# `rlplay`-ing around with Policy Gradients

In [None]:
import torch
import numpy

import matplotlib.pyplot as plt
%matplotlib inline

import gym

# hotfix for gym's unresponsive viz (spawns gl threads!)
import rlplay.utils.integration.gym

See example.ipynb for the overview of `rlplay`

<br>

## Sophisticated CartPole with PG

### The environment

The environment factory

In [None]:
from rlplay.zoo.env import NarrowPath


class FP32Observation(gym.ObservationWrapper):
    def observation(self, observation):
        obs = observation.astype(numpy.float32)
        obs[0] = 0.  # mask the position info
        return obs

#     def step(self, action):
#         obs, reward, done, info = super().step(action)
#         reward -= abs(obs[1]) / 10  # punish for non-zero speed
#         return obs, reward, done, info

class OneHotObservation(gym.ObservationWrapper):
    def observation(self, observation):
        return numpy.eye(1, self.env.observation_space.n,
                         k=observation, dtype=numpy.float32)[0]
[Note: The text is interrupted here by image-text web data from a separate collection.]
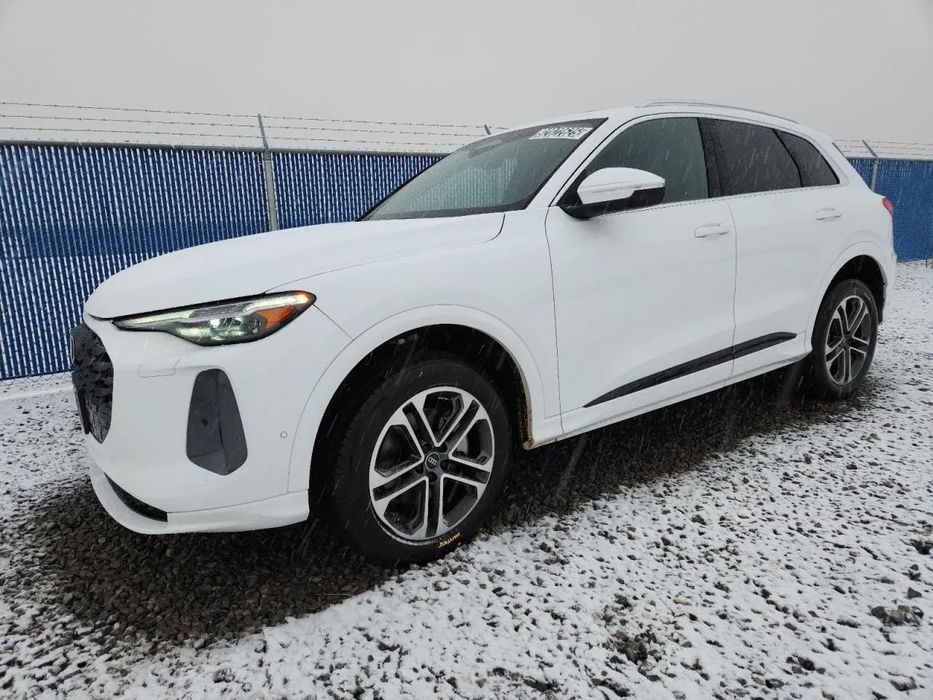 Audi Q5 /Quattro/Bogata wersja/Niski przebieg/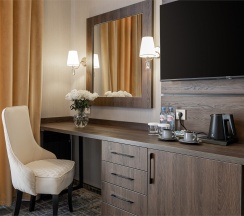 Номер Комфорт в Montchalet SPA by Stellar Hotels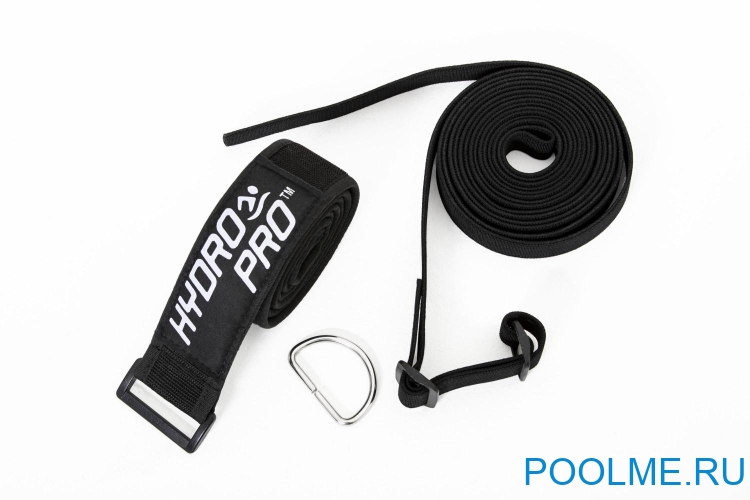 Пояс Bestway для плавания с сопротивлением Swimulator, размер талии от 65 до 110 см, артикул 26033 Пояс Bestway для плавания с сопротивлением Swimulator, размер талии от 65 до 110 см, артикул 26033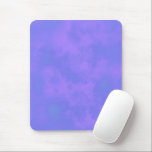Stylischer Storm Cloud-Effekt Blau Mousepad<br><div class="desc">Ein einfaches Muster, das durch Schichten gesprenkelter Punkte geschaffen wurde, die sich überschneiden und eine Reihe von Patches bilden, die Sturmwolken ähneln. Diese abstrakte Kulisse wäre das perfekte Geschenk für einen geliebten Menschen, um einen Bürobereich zu personalisieren, entweder auf Zuhause oder am Arbeitsplatz, um einen neuen Job zu feiern, Ihren...</div>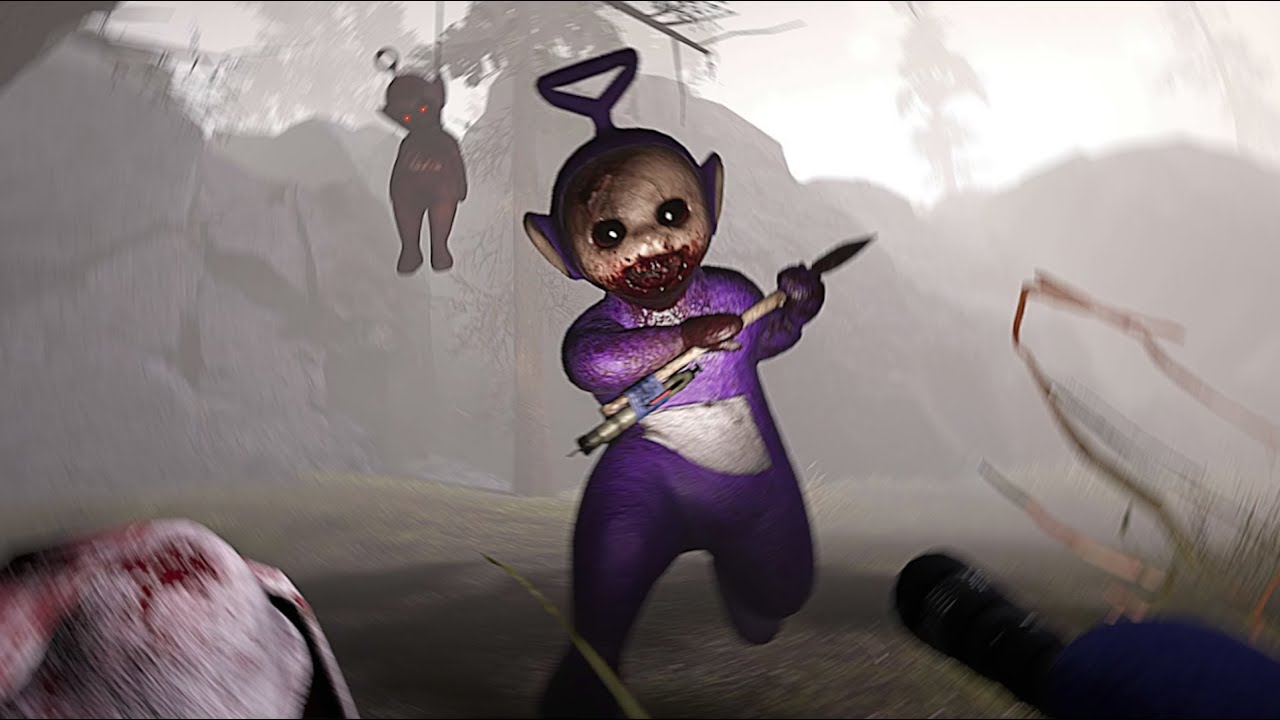 [NEW SLENDYTUBBIES GAME] Slendytubbies 0 - Full Gameplay playthrough (ENDING)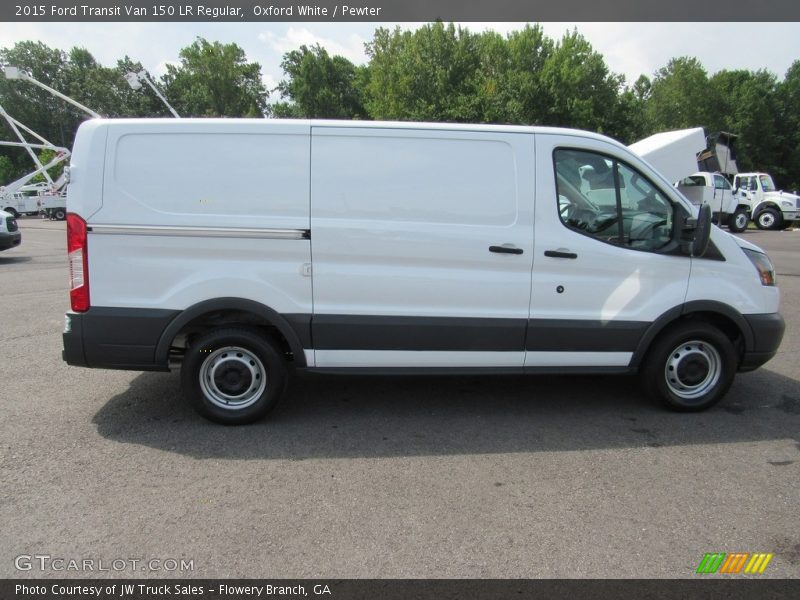  2015 Transit Van 150 LR Regular Oxford White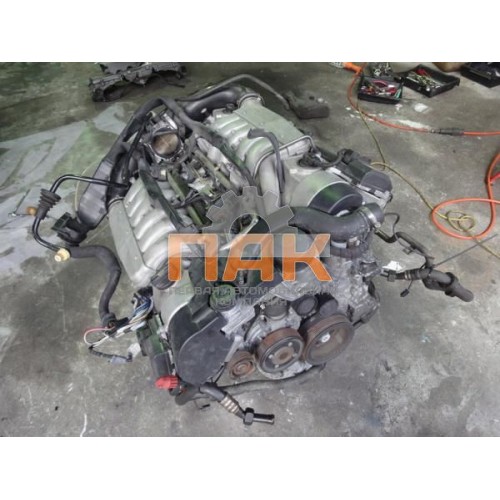 Двигатель Mercedes-Benz 5.8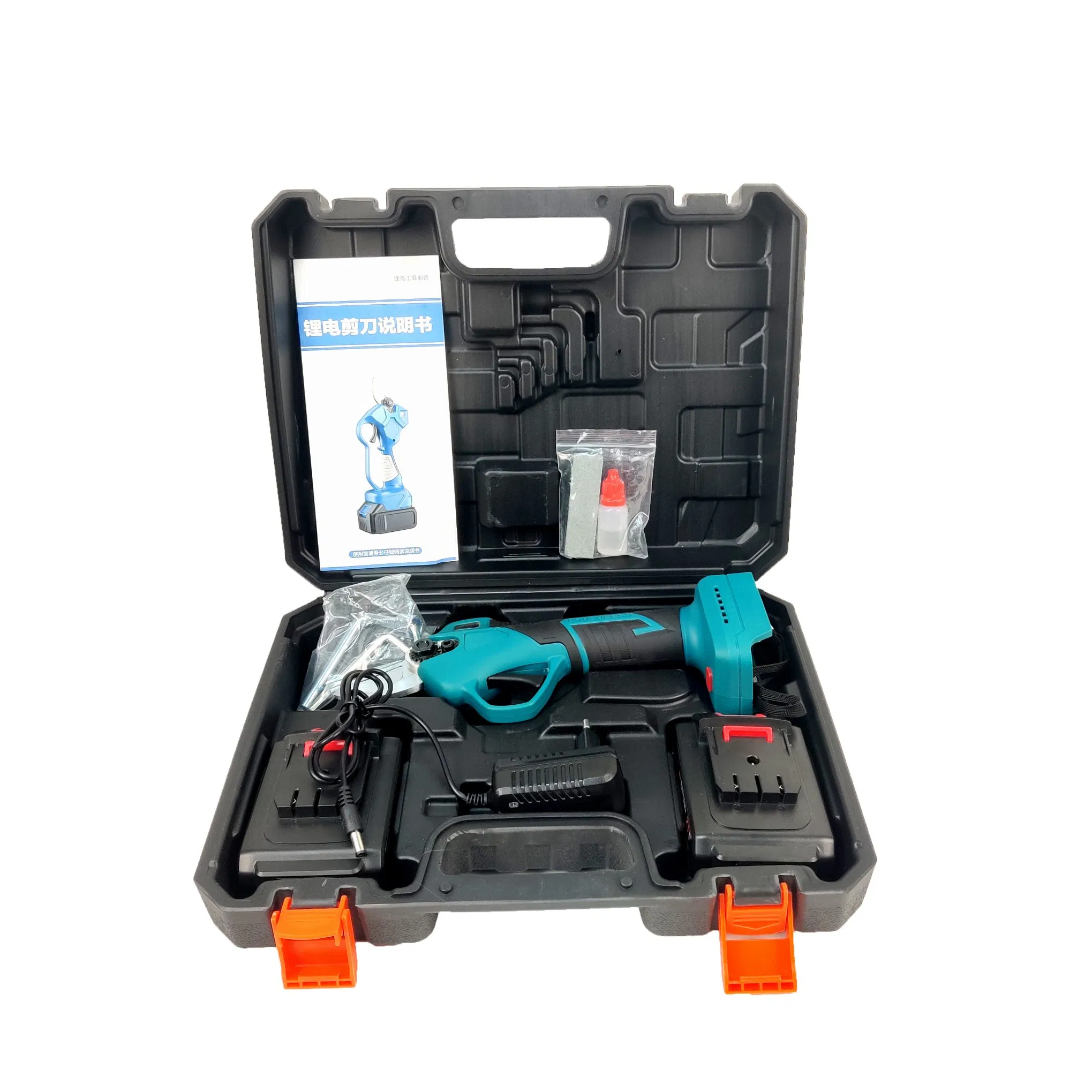 40mm Li-ion Battery Powered Cordless Scissors Pruning Professional Work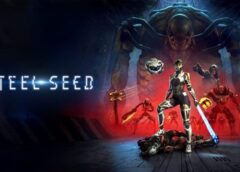 Steel Seed ya tiene fecha de llegada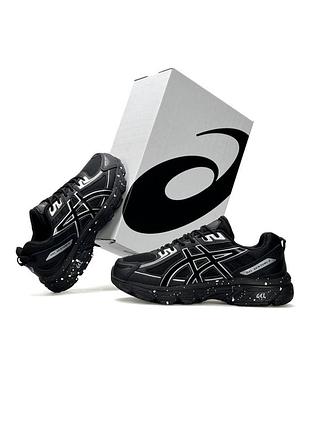 Мужские кроссовки asics gel-venture 6 black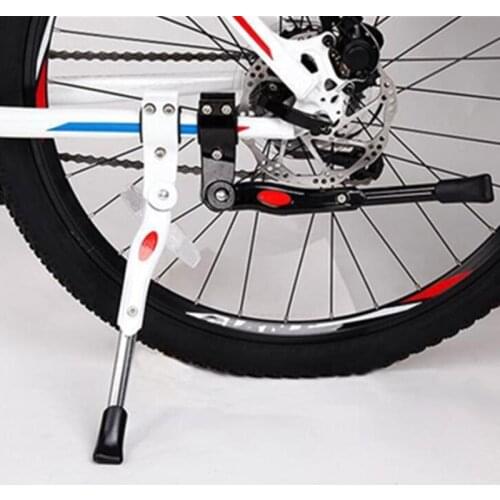 Universal Mtb Bike Bicycle Cycling Parking Kickstands Leg Brace Side Support Bycicle Accessories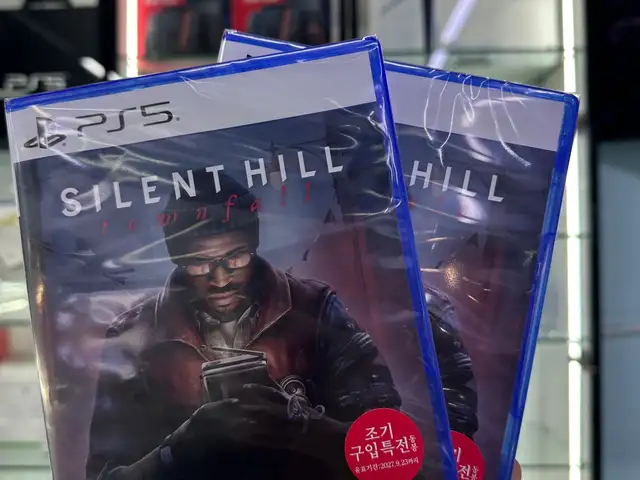 Ps5 silent hill townfall, Улаанбаатар — Хан-Уул — Яармаг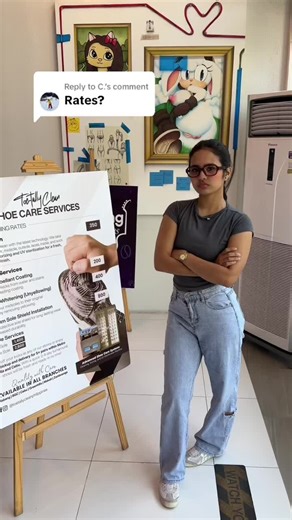 Shoe Cleaning Services at Toe Tally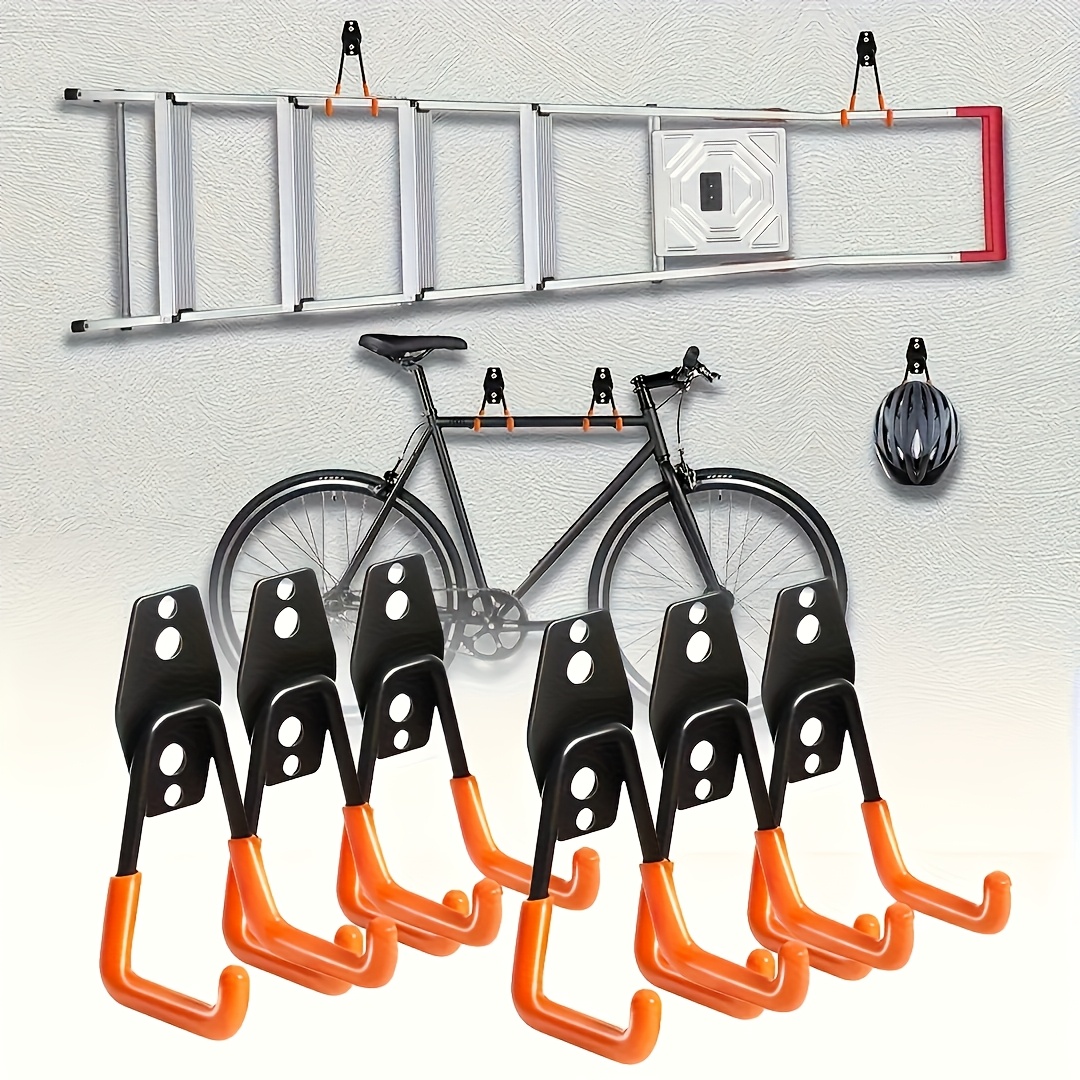 1 Stück Schwerlast-Stahlhaken  – Gardening Tools Storage Bewertung und Preis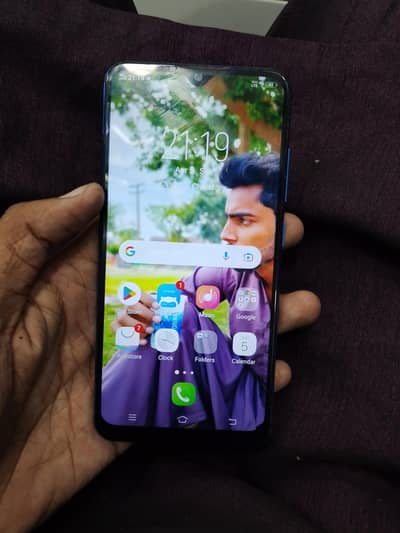 vivo y91c 2gb 32gb full OK with box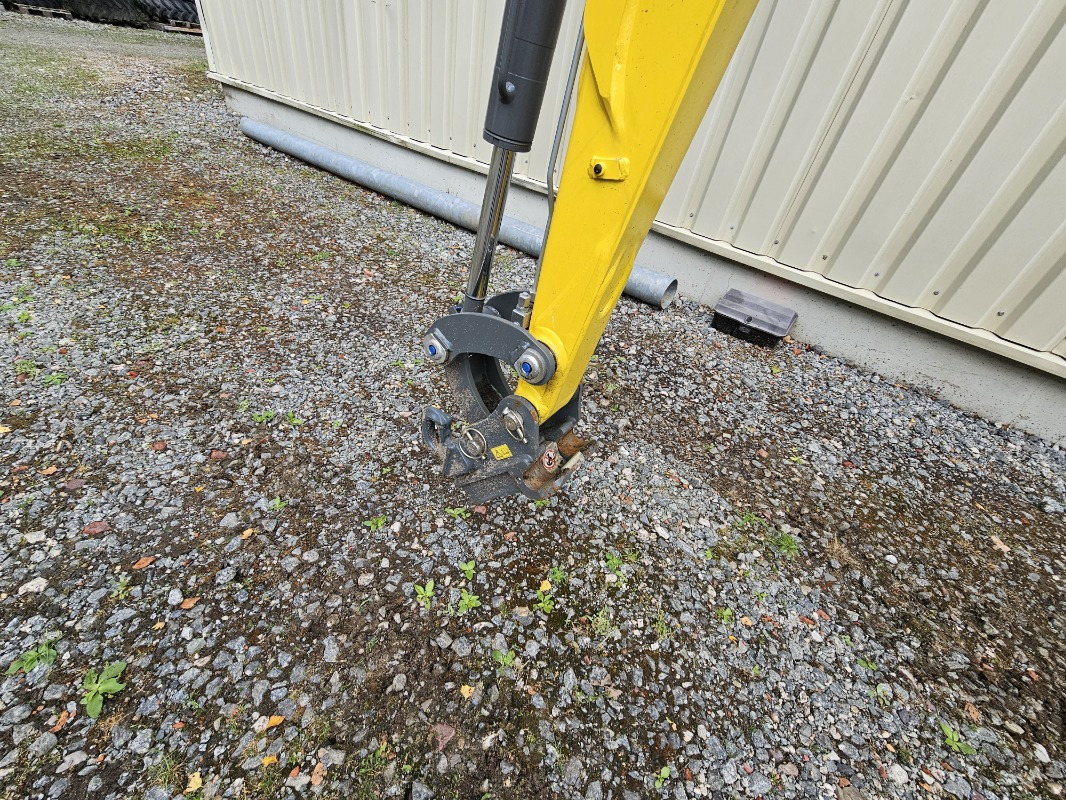 New Mini excavator Wacker ET 18: picture 7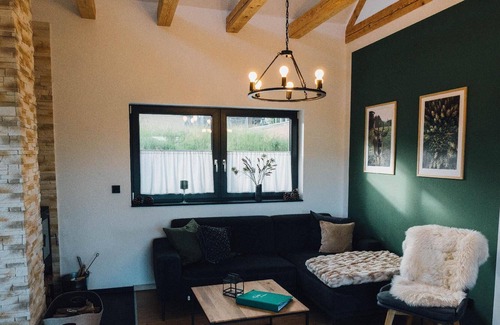 Schwarzenbach am Wald House | Holiday house Schwarzenbach am Wald for 1 - 2 persons with 1 bedroom - Holiday house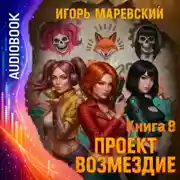 Постер книги Проект Возмездие. Аудио 8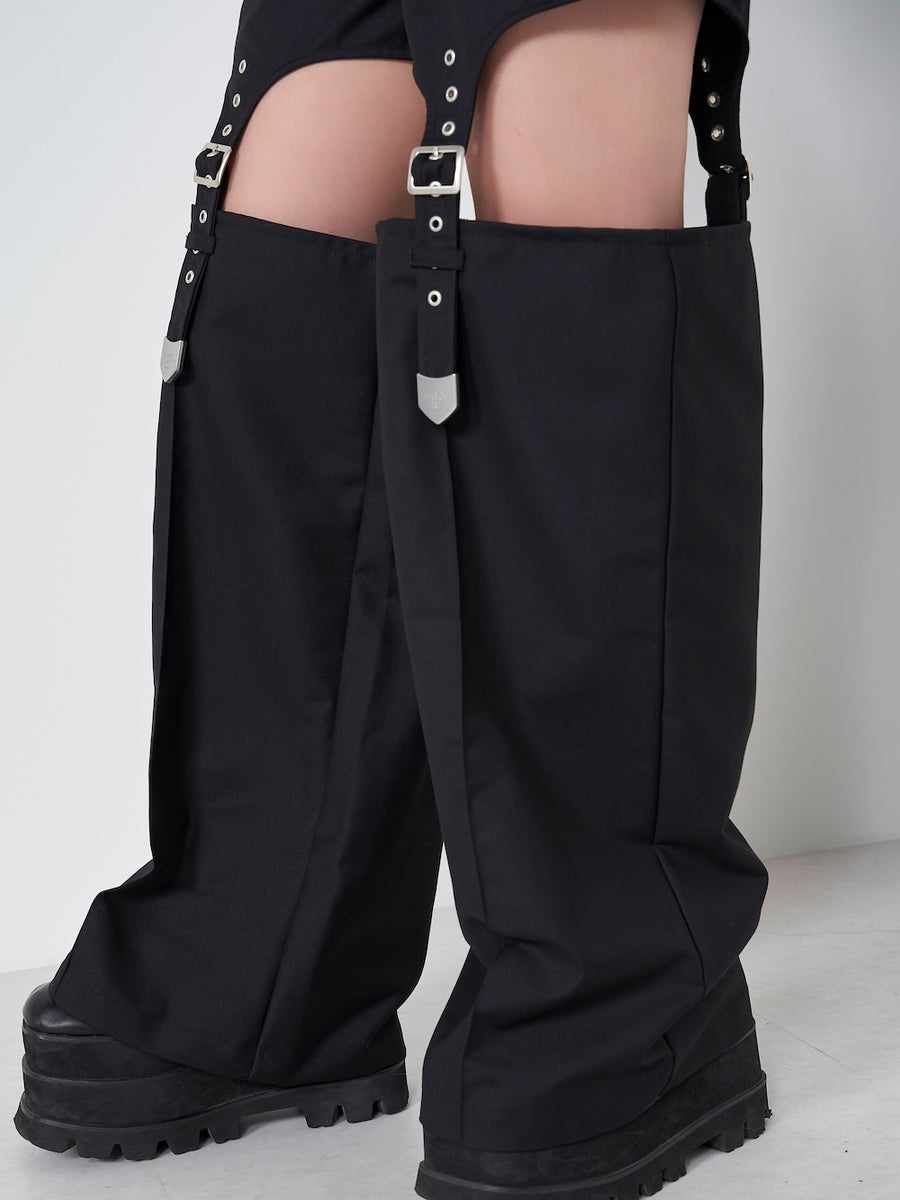 モデル:158cm(着用サイズ:S 着用カラー:BLK)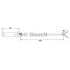 Bosch 0 265 004 010 ABS Wheel Speed Sensor for MERCEDES BENZ
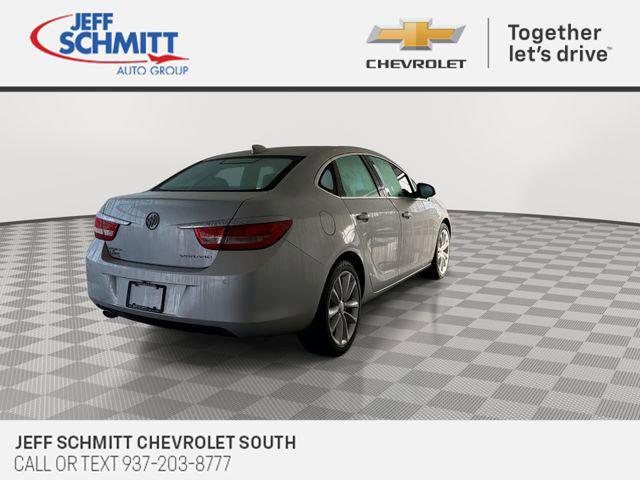 used 2015 Buick Verano car, priced at $10,911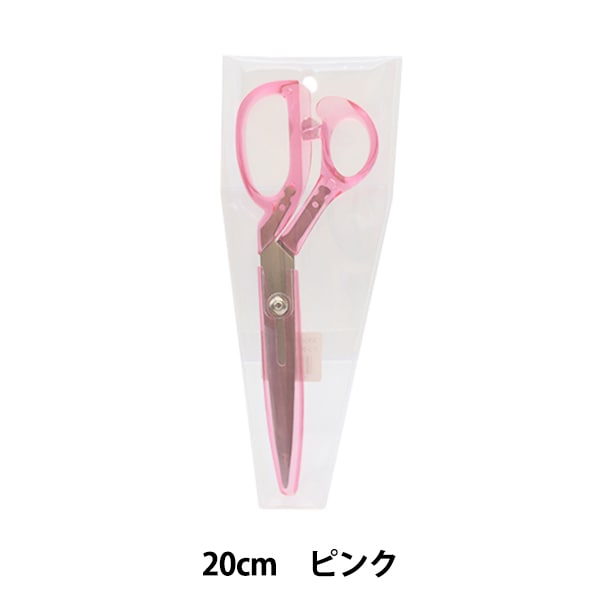 手芸はさみ 『ステンハサミ 20cm ピンク』 – Yuzawaya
def base_factory(seed=None):
    # return gym.make("LunarLander-v2")
    return FP32Observation(gym.make("CartPole-v0").unwrapped)
    # return OneHotObservation(NarrowPath())

<br>

### the Actor

A procedure and a layer, which converts the input integer data into its
little-endian binary representation as float $\{0, 1\}^m$ vectors.

In [None]:
def onehotbits(input, n_bits=63, dtype=torch.float):
    """Encode integers to fixed-width binary floating point vectors"""
    assert not input.dtype.is_floating_point
    assert 0 < n_bits < 64  # torch.int64 is signed, so 64-1 bits max

    # n_bits = {torch.int64: 63, torch.int32: 31, torch.int16: 15, torch.int8 : 7}

    # get mask of set bits
    pow2 = torch.tensor([1 << j for j in range(n_bits)]).to(input.device)
    x = input.unsqueeze(-1).bitwise_and(pow2).to(bool)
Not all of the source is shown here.